A rich body of studies in Drosophila confirmed that prolonged resting periods are generally reflective of physiologically and neurologically conserved sleep-like states in insects (Anafi et al. 2019; Beckwith and French 2019; Shafer and Keene 2021). Moreover, studies in vertebrate and invertebrate species converge on supporting the model that the amount of sleep and its circadian distribution are subject to regulatory mechanisms that are independent of the central clock (Borbély 1982; Borbély and Tobler 1996; Duboué et al. 2011; Duboué and Borowsky 2012). Of further potential relevance is that core biological clock genes regulate sleep frequency in Drosophila, as mentioned above (Keene et al. 2010). In light of these data from other species, it is reasonable to speculate that the RA patterns of P. hirtus are the outcome of conserved clock gene expression and yet independent of a central clock.

As a scavenger species, P. hirtus likely has to invest energy in foraging. The nutrient-poor environment of deep cave zones may enforce a more conservative energy investment strategy in the form of a lower food search frequency compared to the more nutrient-rich twilight zones. In the latter, P. hirtus likely enjoys higher probabilities of successful resource discovery, translating into a higher energy budget for sustaining foraging mobility and reproduction. It is therefore conceivable that P. hirtus may be characterized by cave zone ecology-adjusted sleep duration states.

Light regimen contingent sleep duration states have been reported in a number of cave-adapted fish species. In contrast to P. hirtus, however, cavefish species so far analyzed are characterized by higher amounts of energy expenditure in constant darkness due to the shortening of rest phases. This is true for the diverse cave populations of A. mexicanus as well as cave-adapted loach species (Duboué et al. 2011; Duboué and Borowsky 2012; Carlson and Gross 2018). This difference between P. hirtus and cave-adapted fish may be due to different trophic structures of the aquatic subterranean environments of the cavefish populations and the terestrial deep cave zone populated by P. hirtus.

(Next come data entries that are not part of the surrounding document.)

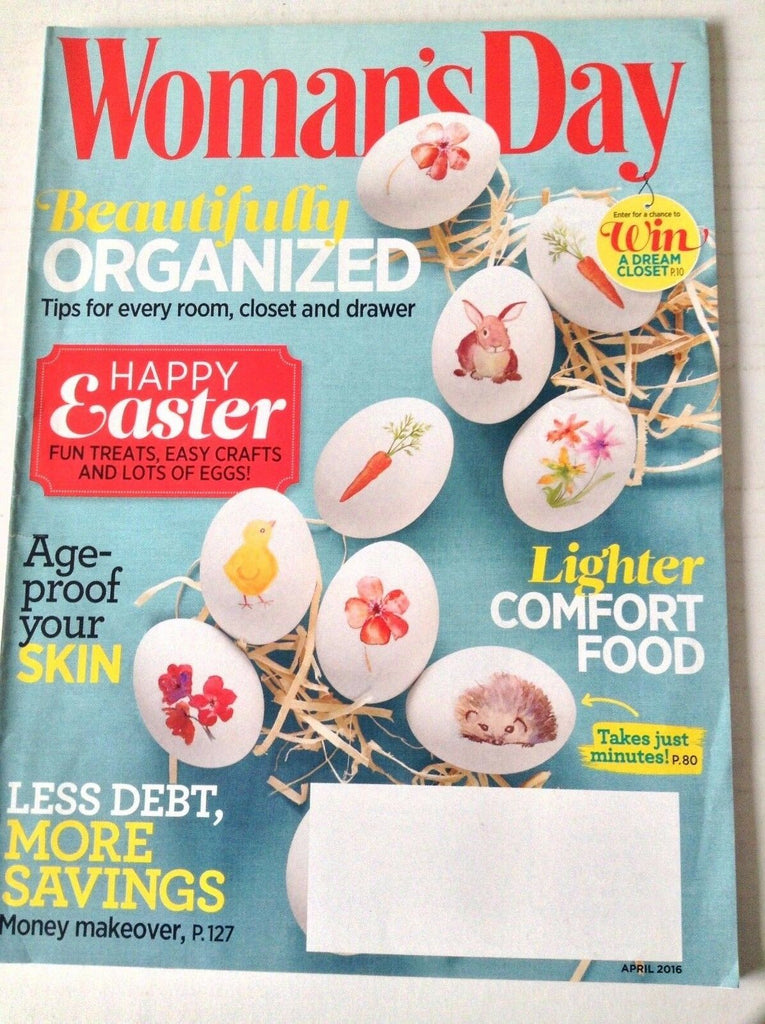 Woman's Day Magazine Beautifully Organized Happy Easter April 2016 050817nonrh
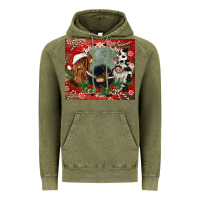 Vintage Olive christmas heifer cow  gnomies Vintage Hoodie - CowGirlArtShop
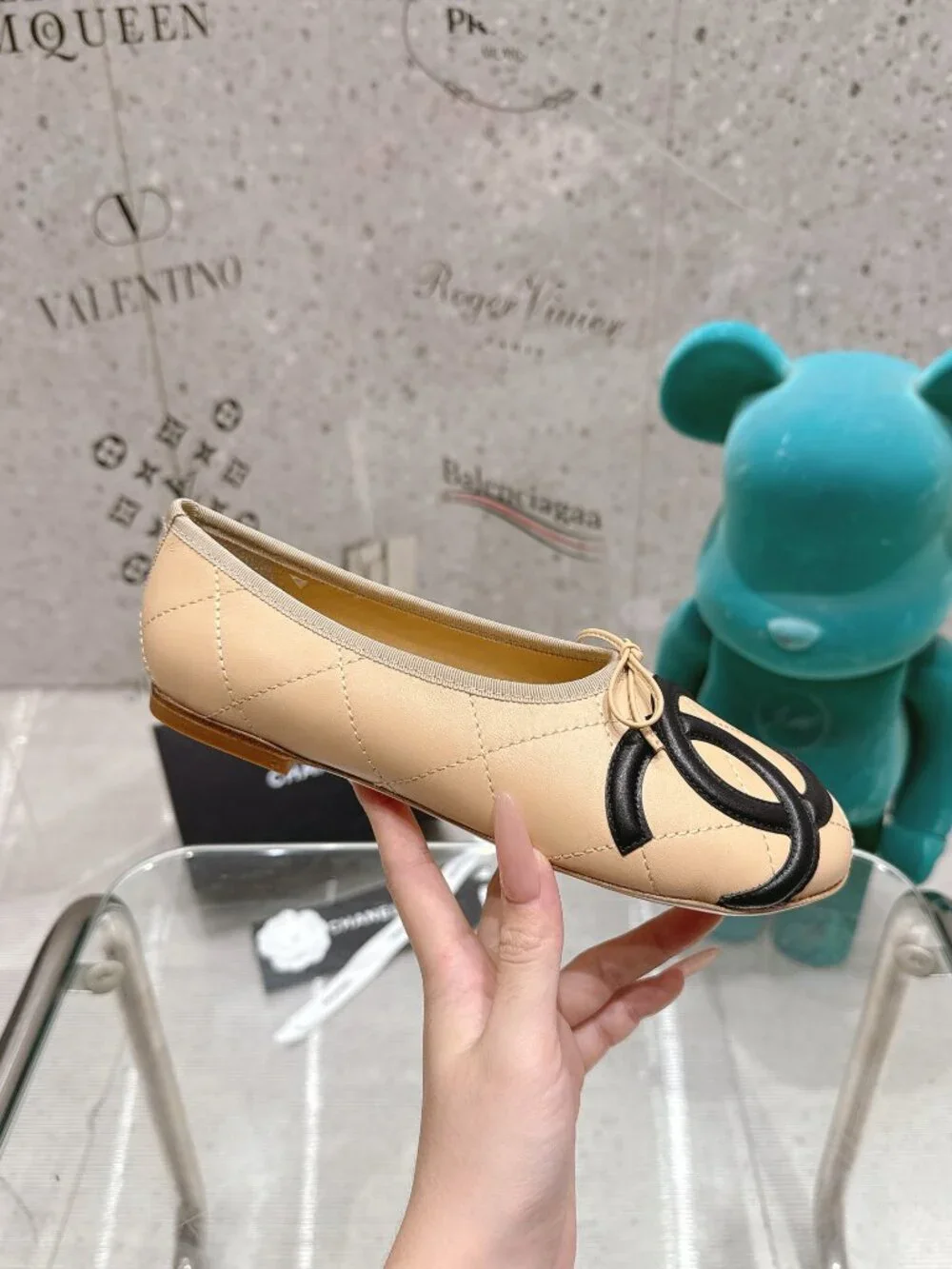 Chanel Flats Beige Quilted Leather Oversized CC Bow Ballet Flats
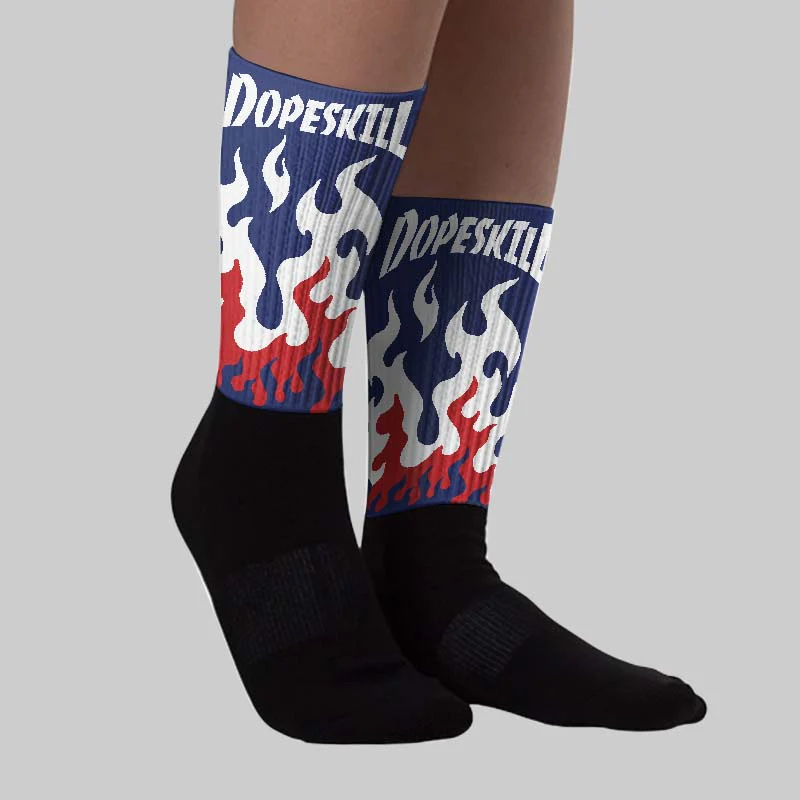 Rare Air 11s DopeSkill Sublimated Sock FIRE Graphic - Image 2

Drosophila has been found to respond to feeding scarcity with activity increase (Lee and Park 2004; Meunier et al. 2007; Keene et al. 2010; Yang et al. 2015). However, fruit flies can also be subjected to selection for starvation resistance, which results in activity reduction due to sleep phase extension (Masek et al. 2014; Slocumb et al. 2015; Miura and Takahashi 2019). It is, therefore, tempting to speculate that the proposed sleep phase extension state of P. hirtus in constant darkness may represent the result of long-term selection to tolerate food scarcity. Equally intriguing, suppressing flight capacity has been found to extend sleep duration in Drosophila (Melnattur et al. 2020). This raises the fascinating possibility that the adaptive sleep-extended state in the flightless P. hirtus may have originated as an integrated outcome of the complete regression of flight capacity. Taken together, our laboratory experiments with P. hirtus uncovered compelling but preliminary evidence of two new paradigms of cave adaptation, which invite further study in this and other cave species systems.